In 2019, whilst studying in Edinburgh, two wonderful Chilean musician-filmmakers made a 50-minute documentary about Protest in Harmony, which can be viewed here:
Protest in Harmony was honoured to win the accolade of Hands Up for Trad Community Music Project of the Year in 2018. Here’s an edited and updated version of our submission for the award that explains who we are, what we do, and what motivates us.
We are not affiliated to any political, environmental or religious group. We are a flexible community of individuals who believe that song can be a powerful, positive force in the world. Our monthly sessions are inclusive and open to all, whether experienced singers or complete beginners. We also facilitate occasional singing and song writing workshops.
What unites us is our belief in the importance of the songs we sing and our love of singing them together in harmony. The choir is facilitated by three excellent, experienced song leaders, who making singing accessible to everyone who comes along, with no auditions and no judgements.
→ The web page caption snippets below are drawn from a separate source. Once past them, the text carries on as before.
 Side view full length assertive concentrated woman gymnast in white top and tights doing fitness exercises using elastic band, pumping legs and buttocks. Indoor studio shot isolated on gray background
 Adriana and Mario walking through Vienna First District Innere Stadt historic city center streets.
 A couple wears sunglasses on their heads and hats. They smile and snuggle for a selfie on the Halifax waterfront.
We aim to empower people through song, to help people find a voice, and to sing in solidarity with oppressed people and those whose voices have been silenced throughout the world. We draw on the rich worldwide repertoire of political songs, including those of the US Civil Rights movement, the anti-apartheid struggle and human rights struggles in Latin America. We also write our own songs about current issues. We are part of the UK Campaign Choirs network.
How we began
Our group started in 2003 after members had felt surprised and disappointed at the lack of singing on the huge anti-Iraq war march in Glasgow that year. We had a strong belief that rather than just shouting slogans, singing in the streets is an inherently positive thing to do. When bystanders hear shouting in the street they may feel worried or even threatened; when they hear singing they tend to be intrigued and are drawn in closer.
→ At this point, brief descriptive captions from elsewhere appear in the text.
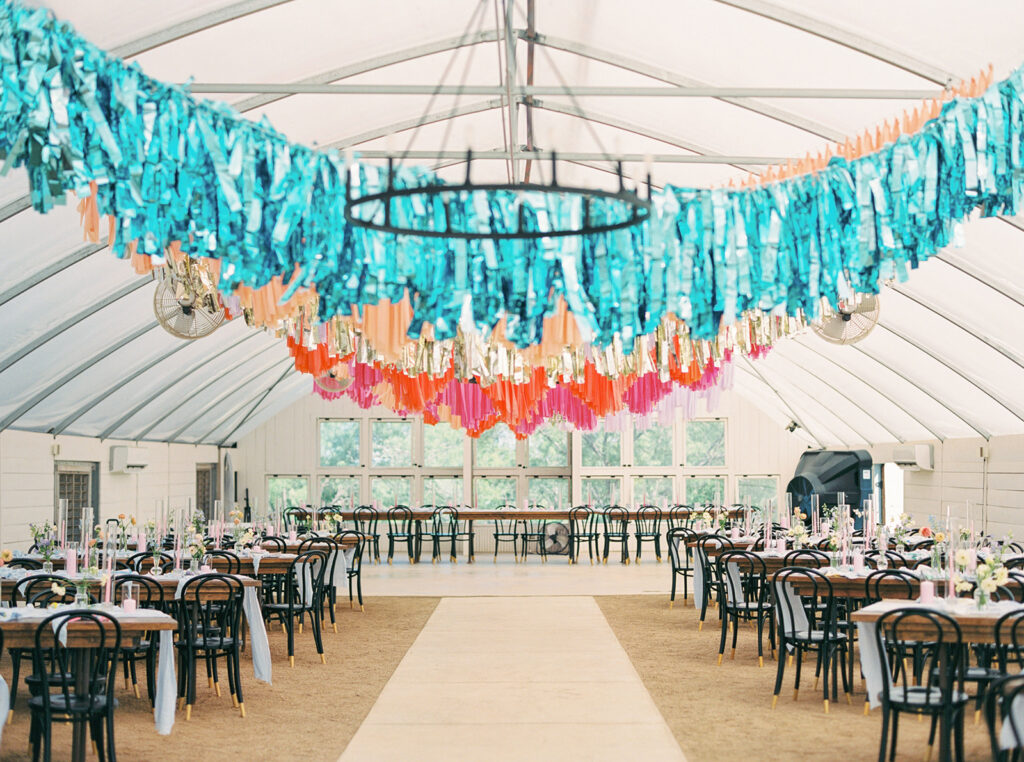 greenhouse wedding venue with colorful fringe hangings
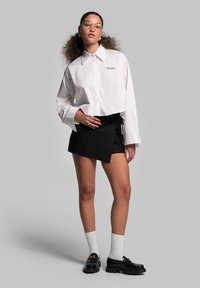 Weißes, kurzes Hemd mit langen Ärmeln und Kragen, mit schwarzer Stickerei verziert. Kombiniert mit einem schwarzen asymmetrischen Minirock und Loafers.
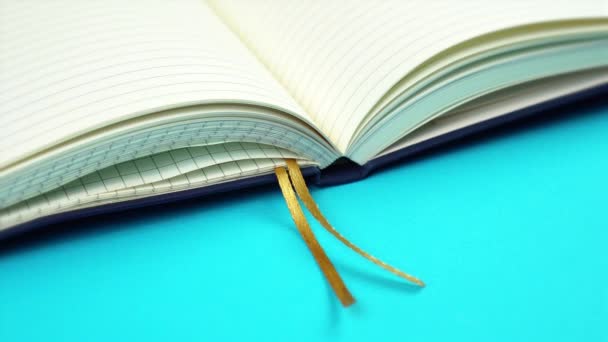 Notebook com páginas em branco e borlas douradas em azul claro — Vídeo de Stock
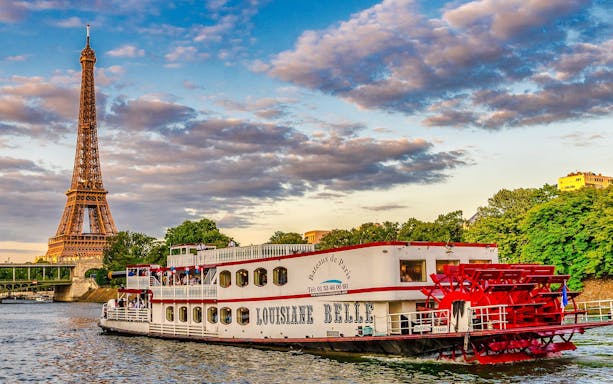 Seine River cruise boat near Eiffel Tower, Paris, France.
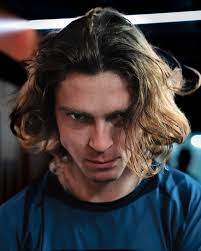 Just a joke in the @copperboxarena corridor. @jimchardy walks through the  players' lounge, grabs the photographer's camera, and takes a close  portrait of @andreyrublev. The photographer captures the moment with his old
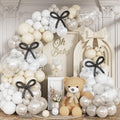 Pearl white and cream balloon arch with clear balloons, black bows, a teddy bear, and a cake for a baby shower.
Since 2003, we have sung on scores of marches and demonstrations, at political events and fundraising concerts, and to commemorate memorable events. We have found that singing together is life-enhancing and inherently welcoming and inclusive: at every event, members of the public are encouraged to join in. Politicians attending demonstrations have also joined in some of our songs, including the former First Minister of Scotland, and even attending police officers are sometimes roused to sing along too.
Events at which we sing
Over the course of the year, there are regular commitments at which the choir sings. These include Open Shuhada Street (February) — solidarity with Palestine; International Workers’ Memorial Day (28 April); International Conscientious Objection Day (15 May); vigil for Grenfell (14 June); Street Choirs Festival (June or July); Hiroshima Day (6 August) and commemorating the Bhopal disaster (3 December).
In addition, we bring a harmonious presence to events that protest against nuclear weapons, the arms trade, cuts in public services, and the climate crisis.
What motivates us
We love that we can protest in four-part harmony about awful things; that the choir helps us find a voice about issues we really care about; that it brings non-violent resistance into the heart of our lives. And we love that it can be enormous fun!
Protest in Harmony has helped many of us rediscover our voices. It’s a source of joy to be able to take a stand alongside like-minded people on the issues we can about in a non-violent, life-enhancing and uplifting way.